Он, которому должен был поклоняться весь христианский мир, был вполне счастлив и сиял, если труды его оценивались гимназистом и курсисткой. Как много было людей, которые прямо не верили ему только потому, что он был слишком ясен, прост и любовен со всеми. Люди так испорчены, что им казалось, что за его добротой и лаской было что-то, а за ней ничего не было, кроме бога любви, которая жила в его сердце. А мы так плохи часто, что нам совестно, неловко видеть этого бога любви, он обличает нас, и мы отворачиваемся от него. Я говорю не про кого-нибудь, а про себя. Не раз я так отворачивался от него. Просто мало любил. Ну, зато теперь больше люблю. И он не ушел от меня. Знаю, где найти его. В боге.
Поднимает такая смерть, такая жизнь.
От Петруши, его сына, было длинное письмо, описывающее его последние дни и смерть. Он только что готовился работать и был в полном обладании своих духовных сил, был весел, приехал домой, вышел из экипажа, ахнул несколько раз и помер"85.

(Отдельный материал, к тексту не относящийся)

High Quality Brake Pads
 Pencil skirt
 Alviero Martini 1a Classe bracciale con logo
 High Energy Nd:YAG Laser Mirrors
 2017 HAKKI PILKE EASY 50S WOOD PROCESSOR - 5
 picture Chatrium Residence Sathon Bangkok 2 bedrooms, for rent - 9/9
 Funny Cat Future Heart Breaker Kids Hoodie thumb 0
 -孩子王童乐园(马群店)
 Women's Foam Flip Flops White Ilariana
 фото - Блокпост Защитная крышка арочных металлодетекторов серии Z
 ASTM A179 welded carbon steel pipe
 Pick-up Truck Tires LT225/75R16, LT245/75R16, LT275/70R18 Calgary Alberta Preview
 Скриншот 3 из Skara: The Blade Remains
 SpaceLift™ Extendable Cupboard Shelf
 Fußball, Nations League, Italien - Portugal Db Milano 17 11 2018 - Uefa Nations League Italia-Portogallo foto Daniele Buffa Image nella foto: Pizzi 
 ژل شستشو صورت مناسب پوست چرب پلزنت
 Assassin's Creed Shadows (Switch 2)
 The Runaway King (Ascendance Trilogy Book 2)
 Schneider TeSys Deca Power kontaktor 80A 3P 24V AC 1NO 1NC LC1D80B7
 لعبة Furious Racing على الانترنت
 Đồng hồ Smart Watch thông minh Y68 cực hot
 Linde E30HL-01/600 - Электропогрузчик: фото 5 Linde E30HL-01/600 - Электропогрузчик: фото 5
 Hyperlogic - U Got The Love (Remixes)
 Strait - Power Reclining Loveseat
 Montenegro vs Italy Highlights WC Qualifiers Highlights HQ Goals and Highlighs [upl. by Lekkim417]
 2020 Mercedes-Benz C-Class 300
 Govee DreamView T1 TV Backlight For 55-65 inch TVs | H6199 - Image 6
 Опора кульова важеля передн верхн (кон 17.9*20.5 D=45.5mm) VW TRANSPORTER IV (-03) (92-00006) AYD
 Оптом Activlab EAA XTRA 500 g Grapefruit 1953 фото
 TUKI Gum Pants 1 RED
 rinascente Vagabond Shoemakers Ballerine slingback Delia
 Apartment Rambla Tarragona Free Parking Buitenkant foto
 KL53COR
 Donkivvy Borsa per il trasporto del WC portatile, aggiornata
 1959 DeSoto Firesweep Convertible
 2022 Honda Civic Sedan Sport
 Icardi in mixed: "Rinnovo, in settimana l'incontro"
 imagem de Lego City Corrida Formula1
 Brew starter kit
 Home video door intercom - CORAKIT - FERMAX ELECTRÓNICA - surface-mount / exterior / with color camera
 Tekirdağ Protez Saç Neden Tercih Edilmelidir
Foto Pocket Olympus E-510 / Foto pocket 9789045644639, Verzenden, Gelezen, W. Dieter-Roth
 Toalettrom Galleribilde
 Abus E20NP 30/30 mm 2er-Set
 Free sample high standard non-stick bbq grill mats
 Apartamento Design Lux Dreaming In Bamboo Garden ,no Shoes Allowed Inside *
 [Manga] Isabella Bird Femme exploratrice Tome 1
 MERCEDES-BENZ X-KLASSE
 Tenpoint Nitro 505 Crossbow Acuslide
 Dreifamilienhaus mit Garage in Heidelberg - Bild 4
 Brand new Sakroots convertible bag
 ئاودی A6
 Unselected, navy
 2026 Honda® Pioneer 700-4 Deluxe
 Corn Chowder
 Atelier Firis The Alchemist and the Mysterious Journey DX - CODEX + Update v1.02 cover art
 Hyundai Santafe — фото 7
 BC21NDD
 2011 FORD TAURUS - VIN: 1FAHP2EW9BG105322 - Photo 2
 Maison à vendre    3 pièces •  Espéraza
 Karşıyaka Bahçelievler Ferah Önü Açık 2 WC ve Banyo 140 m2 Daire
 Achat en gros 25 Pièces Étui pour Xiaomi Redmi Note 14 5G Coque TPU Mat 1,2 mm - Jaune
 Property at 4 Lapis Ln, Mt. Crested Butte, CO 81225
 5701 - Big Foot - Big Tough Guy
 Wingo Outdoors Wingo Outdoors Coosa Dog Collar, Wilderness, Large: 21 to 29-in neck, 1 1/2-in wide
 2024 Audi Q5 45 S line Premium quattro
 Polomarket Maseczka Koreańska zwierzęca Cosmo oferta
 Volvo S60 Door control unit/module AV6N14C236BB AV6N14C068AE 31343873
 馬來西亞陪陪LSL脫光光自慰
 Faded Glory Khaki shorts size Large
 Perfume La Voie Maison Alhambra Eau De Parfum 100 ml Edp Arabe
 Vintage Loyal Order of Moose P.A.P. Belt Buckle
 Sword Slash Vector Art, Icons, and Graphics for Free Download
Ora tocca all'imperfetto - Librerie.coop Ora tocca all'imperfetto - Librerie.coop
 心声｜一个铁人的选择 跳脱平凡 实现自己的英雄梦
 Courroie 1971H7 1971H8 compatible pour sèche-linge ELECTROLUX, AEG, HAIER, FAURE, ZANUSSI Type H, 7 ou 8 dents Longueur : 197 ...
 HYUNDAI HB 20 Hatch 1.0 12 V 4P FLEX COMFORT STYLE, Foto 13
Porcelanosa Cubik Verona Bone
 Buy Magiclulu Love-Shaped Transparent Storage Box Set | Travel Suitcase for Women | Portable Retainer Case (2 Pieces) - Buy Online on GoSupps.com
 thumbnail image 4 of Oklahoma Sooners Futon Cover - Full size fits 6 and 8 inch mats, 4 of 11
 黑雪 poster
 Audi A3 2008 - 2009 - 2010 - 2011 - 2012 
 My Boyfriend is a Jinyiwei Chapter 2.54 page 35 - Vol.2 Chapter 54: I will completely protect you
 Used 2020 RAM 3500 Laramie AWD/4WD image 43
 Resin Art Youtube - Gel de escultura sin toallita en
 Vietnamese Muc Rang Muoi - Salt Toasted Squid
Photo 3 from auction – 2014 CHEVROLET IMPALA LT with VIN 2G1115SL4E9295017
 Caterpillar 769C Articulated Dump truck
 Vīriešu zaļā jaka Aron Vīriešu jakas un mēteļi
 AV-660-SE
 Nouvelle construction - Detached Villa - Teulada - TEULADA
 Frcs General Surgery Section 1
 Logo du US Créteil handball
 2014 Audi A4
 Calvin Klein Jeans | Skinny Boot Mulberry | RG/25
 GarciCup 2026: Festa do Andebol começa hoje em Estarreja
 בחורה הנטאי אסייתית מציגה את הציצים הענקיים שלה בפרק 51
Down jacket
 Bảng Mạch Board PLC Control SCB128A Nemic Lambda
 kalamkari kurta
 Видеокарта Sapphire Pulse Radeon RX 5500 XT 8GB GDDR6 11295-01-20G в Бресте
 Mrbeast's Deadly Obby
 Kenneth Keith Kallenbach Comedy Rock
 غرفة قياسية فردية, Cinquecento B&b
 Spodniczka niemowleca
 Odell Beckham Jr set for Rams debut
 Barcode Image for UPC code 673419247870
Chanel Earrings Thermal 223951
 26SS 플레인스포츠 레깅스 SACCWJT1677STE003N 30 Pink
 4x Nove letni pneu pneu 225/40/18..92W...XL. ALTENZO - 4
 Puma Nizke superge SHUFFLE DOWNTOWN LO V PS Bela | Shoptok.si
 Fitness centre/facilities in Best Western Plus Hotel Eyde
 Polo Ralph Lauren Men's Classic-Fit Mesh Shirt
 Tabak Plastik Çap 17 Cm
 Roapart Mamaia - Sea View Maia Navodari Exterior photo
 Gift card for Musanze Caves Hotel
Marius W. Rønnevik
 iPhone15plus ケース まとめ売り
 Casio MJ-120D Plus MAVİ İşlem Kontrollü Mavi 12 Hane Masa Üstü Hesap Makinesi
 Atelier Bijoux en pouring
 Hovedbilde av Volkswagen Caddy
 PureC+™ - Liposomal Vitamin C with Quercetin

А вот две выписки из писем отца к Н. С. Лескову и к Л. Ф. Анненковой:
"…О Ге я, не переставая, думаю и, не переставая, чувствую его, чему содействует то, что его две картины: "Суд" и "Распятие" стоят у нас, и я часто смотрю на них, и что больше смотрю, то больше понимаю и люблю. Хорошо бы было, если бы Вы написали о нем. Должно быть, и я напишу. Это был такой большой человек, что мы все, если будем писать о нем, с разных сторон, мы едва ли сойдемся, то есть будем повторять друг друга"86.
"…Теперь выскажу Вам, Леонида Фоминична, чувства, вызванные во мне Вашим письмом. Вы уже знаете, верно, про смерть нашего друга, Н. Н. Ге?
Еще до его смерти мне писал Евг. Ив. Попов о том, что Колечка, его сын, находится в самом унылом настроении… Потом вскоре я получил известие о смерти его отца.
Не помню, чтобы какая-либо смерть так сильно действовала на меня. Как всегда, при близости смерти дорогого человека – стала очень серьезна жизнь, яснее стали свои слабости, грехи, легкомыслие, недостаток любви – одного того, что не умирает, и просто жалко стало, что в этом мире стало одним другом, помощником, работником меньше…"87 Обдумав и обсудив с близкими друзьями судьбу картин Ге, отец предложил П. М.